Returning briefly to Figure 3, in this embodiment it has been assumed that the recogniser returns, as a "label" representing its recognition result, the relevant part of the actual text string supplied to the recognition network generator 1 8 by the buffer 1 6, and the link resolver 20 matches this string against the buffer contents to locate the desired links. Whilst this may be convenient to permit use of a conventional unit for the recogniser 1 6, a way of speeding up the operation of the link resolver would be to set up the recogniser to return some parameter enabling faster access to the buffer, for example pointer values giving the addresses in the buffer 1 6 of the first and last characters of the matched source text string.

Although only one server is shown in Figure 1 , of course there could be others, and the transmitted link address could well be destined for a different server from the one sending the document from which it was obtained.

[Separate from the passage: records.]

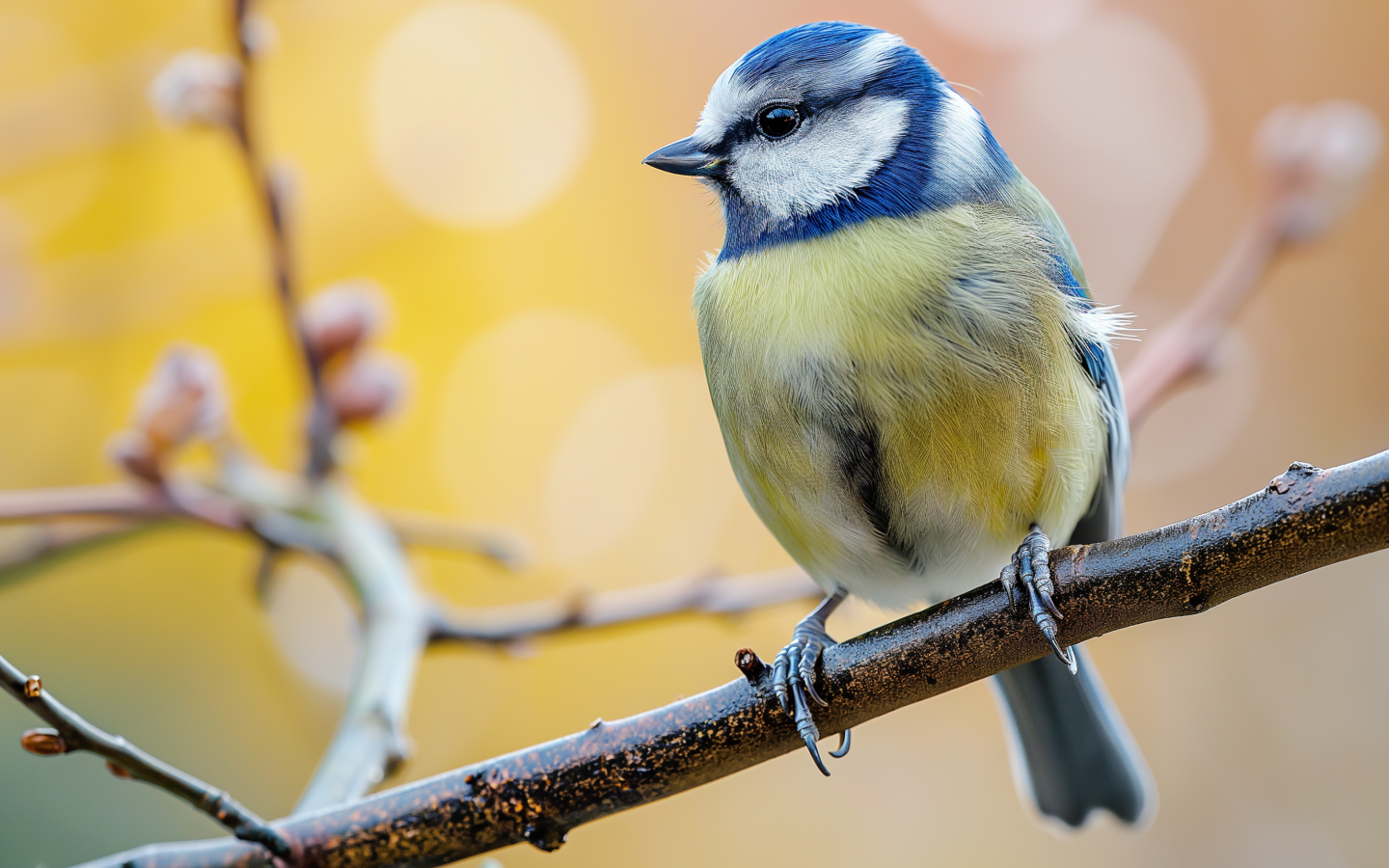 Маленькая синица сидит на ветке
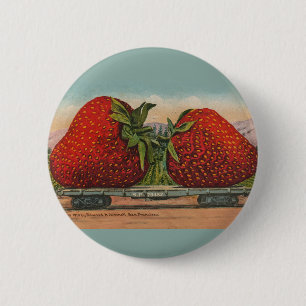 Badge Rond 5 Cm Fraises Giant Fruit Antique Fruit Amusant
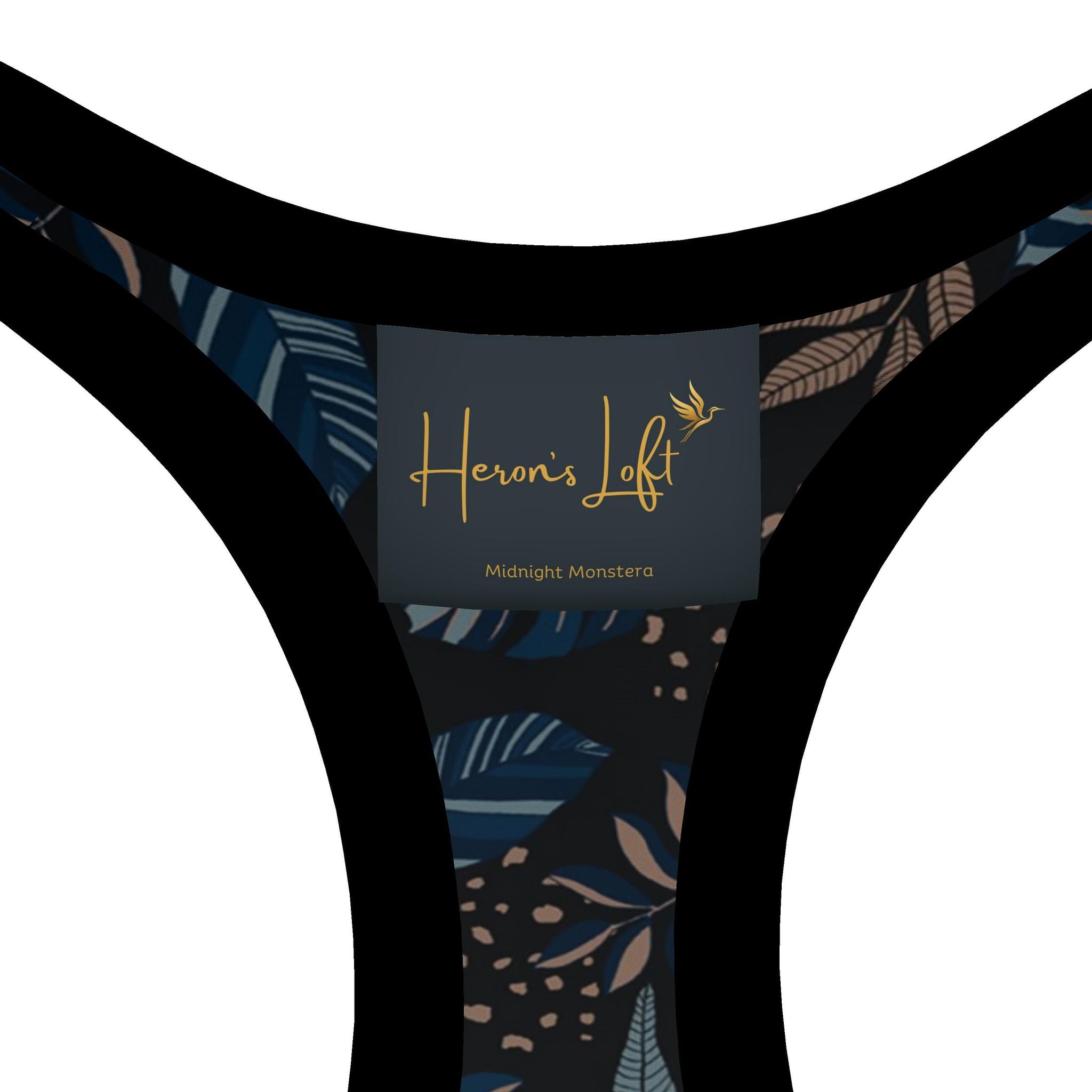Women's Low Impact Sports Bra — Midnight Monstera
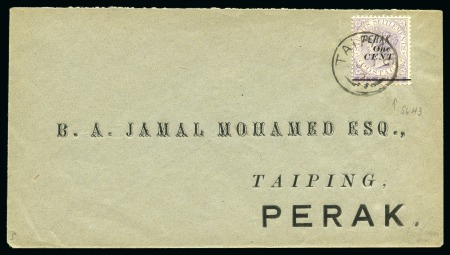 1891 (Jun 1) Envelope sent locally in Taiping with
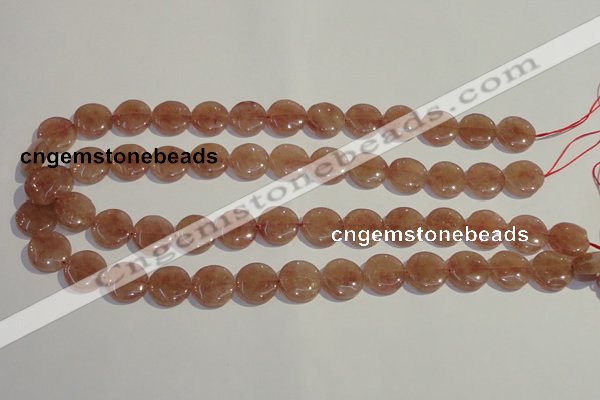 CBQ17 15.5 inches 14mm flat round strawberry quartz beads wholesale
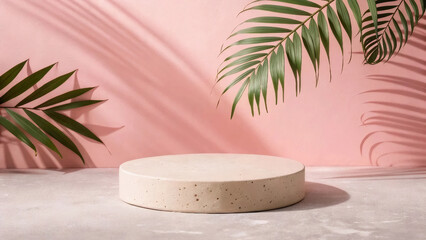 Pastel Pink Product Display with Shadow Play and Stone Platform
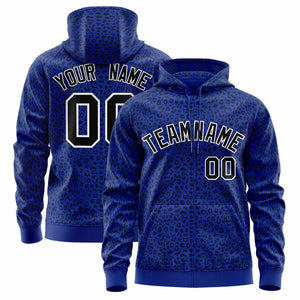 Custom Royal Black Varsity Full-Zip Letterman Leopard Print Hoodie Jacket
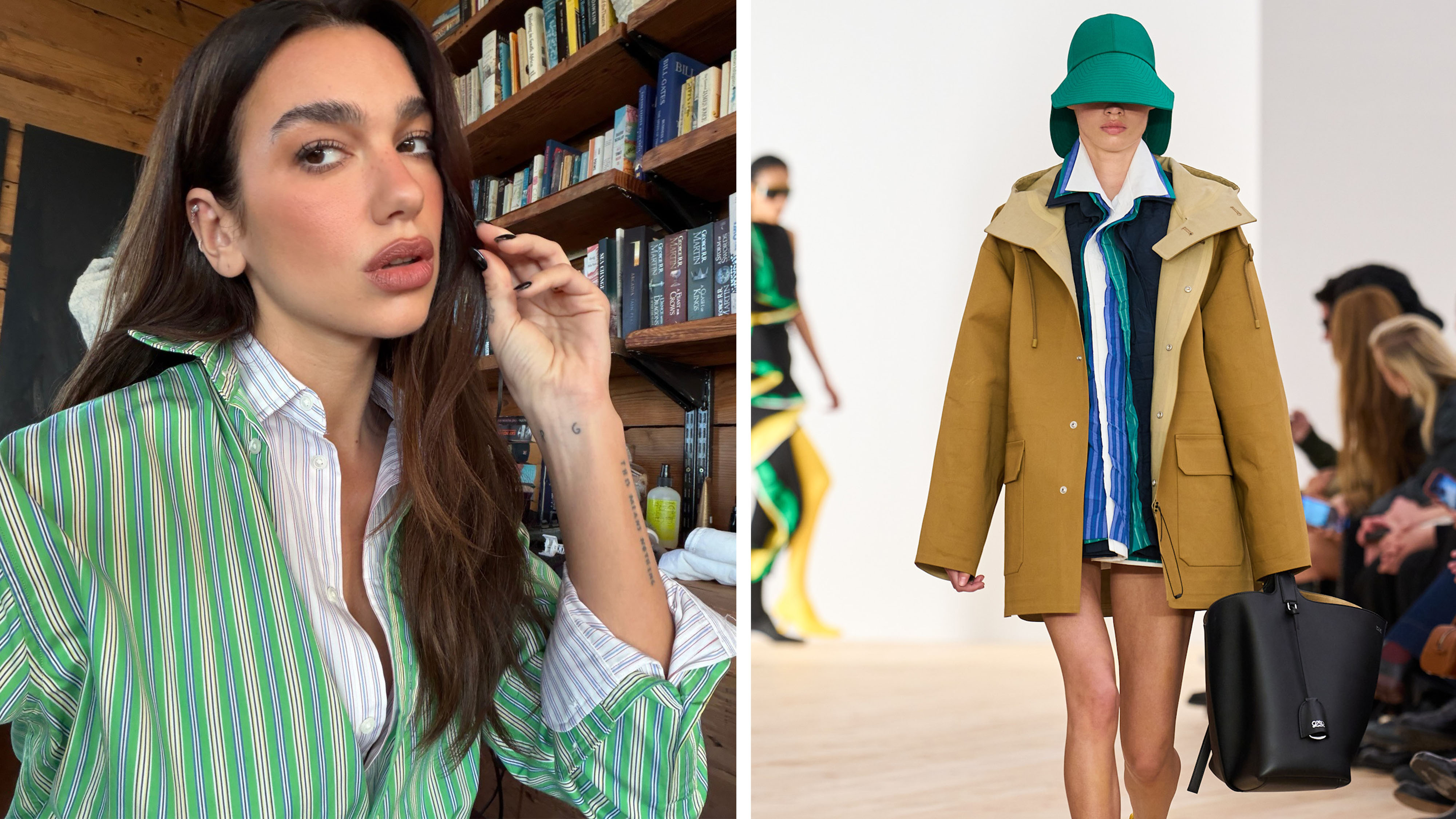Dua Lipa wearing two button-down shirts; A model on the Loewe runway wearing a layered shirt look
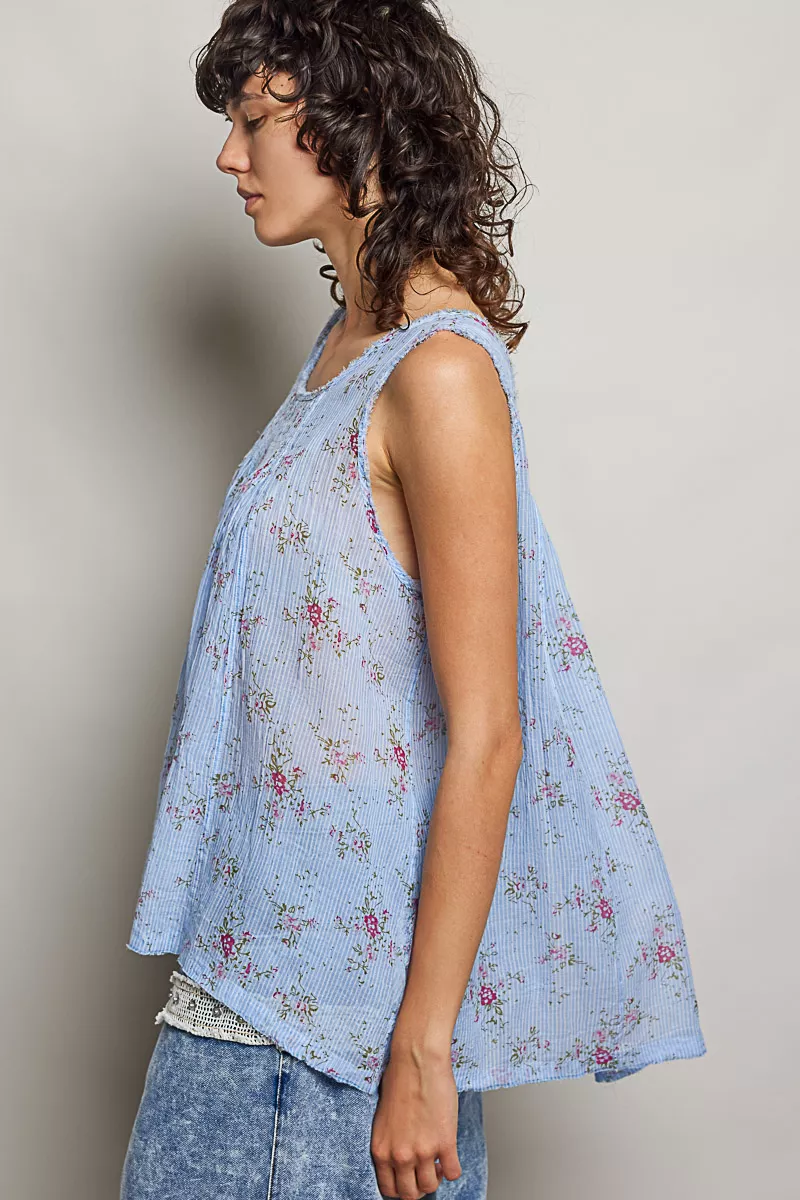 POL Round Neck Sleeveless Floral Pleated Cotton Top, image 2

This embodiment presupposes that the source text carries hyperlink addresses; however it is also possible to operate this system without embedded addressed of this kind. For example one could transmit to the database server coordinates to identify the point in a (or range of) the source text at which the match occurred. In the case of connectionless service such as the Internet, it would be necessary to concatenate this information with the address of the server before transmitting it.

It was mentioned earlier that the text preprocessor 14 could be arranged to pass certain markings through to the synthesiser 1 5 to allow bold type to be emphasised. Similarly, it would be possible for the preprocessor to pass the hyperlink markings < a > ... < /a > (albeit without the addresses) and arrange the synthesiser to respond to these by applying an emphasis, or even switching to a different voice (for example a male instead of female voice) from that used for the remainder of the text. With this expedient, in an alternative embodiment, one can simplify the speech recogniser vocabulary to include only the link words, though it is still preferred to operate the recogniser as described above, against the possibility that the user may not always accurately recollect which words were spoken with the emphasis (or different voice).

Claims

1 . An interface for a voice interactive service comprising: a speech synthesiser to receive coded signals representing sequences of words and to generate audio signals corresponding thereto for output; speech recognition means connected to receive the said coded signals and operable upon receipt of a speech signal to be recognised to identify that part of the word sequence represented by the coded signals which most resembles the speech signal to be recognised.

2. An interface according to Claim 1 in which the coded signals include link signals identifying one or more words of a sequence which represent links to further information, and the apparatus is operable to select from the coded signals a link signal which is in or adjacent to the identified resembling part of the sequence.

3. An interface according to Claim 2 including a communications interface connected to receive the coded signals from a remote source and to transmit the selected link signal to the same or another remote source for requesting further coded signals.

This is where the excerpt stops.